History of the Plant Sciences Library and Collections

The PLANT SCIENCES LIBRARY provides a full range of services in the subject areas of Plant Sciences and Forestry. It is located within the Department of Plant Sciences and works in collaboration with CAB International (CABI), an intergovernmental organization providing services worldwide to agriculture, forestry, human health and the management of natural resources, and other international organisations.

The Library dates originally from 1621, and is founded on the formerly separate departmental libraries of Agricultural Science, Botany and Forestry. It has a total stock of around 200,000 books and pamphlets, 3900 reels of microfilm and some 2000 current serials plus another 4000 non-current.
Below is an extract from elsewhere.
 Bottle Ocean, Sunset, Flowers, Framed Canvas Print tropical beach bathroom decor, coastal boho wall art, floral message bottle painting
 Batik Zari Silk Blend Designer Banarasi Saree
It provides the main collection in its subject area in the University of Oxford, and receives many visitors and e-mail, postal or telephone enquiries every year.

The Library collects current material in subject areas relevant to teaching and research in Plant Sciences, providing especially for the needs of undergraduates reading Biological Sciences, and for postgraduate students working for research degrees.
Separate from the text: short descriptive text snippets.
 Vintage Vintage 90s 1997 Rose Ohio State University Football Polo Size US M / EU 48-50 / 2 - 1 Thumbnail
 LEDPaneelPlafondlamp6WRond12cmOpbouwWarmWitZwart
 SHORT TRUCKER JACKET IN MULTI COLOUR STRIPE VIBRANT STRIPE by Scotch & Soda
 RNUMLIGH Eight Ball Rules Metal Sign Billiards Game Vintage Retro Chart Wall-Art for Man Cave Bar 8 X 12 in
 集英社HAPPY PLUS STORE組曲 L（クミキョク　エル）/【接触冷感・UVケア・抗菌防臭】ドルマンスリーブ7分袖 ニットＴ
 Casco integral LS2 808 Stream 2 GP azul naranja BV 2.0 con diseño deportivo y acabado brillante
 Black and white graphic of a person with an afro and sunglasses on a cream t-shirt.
The Library is richly endowed with rare early botanical works, many dating from the 17th century, including taxonomic works still in regular use. Conservation work on this material has been funded by the British Library and the Hulme University Fund. Sibthorp’s Flora Graeca, has been digitised along with associated material, as part of the Oxford Digital Library, and has featured in several exhibitions.

In summer 2010 it is anticipated that the majority of the Library's collections will be transferred to the Radcliffe Science Library; taxonomic and rare materials will however remain in the Department alongside the herabarium collections to which they relate.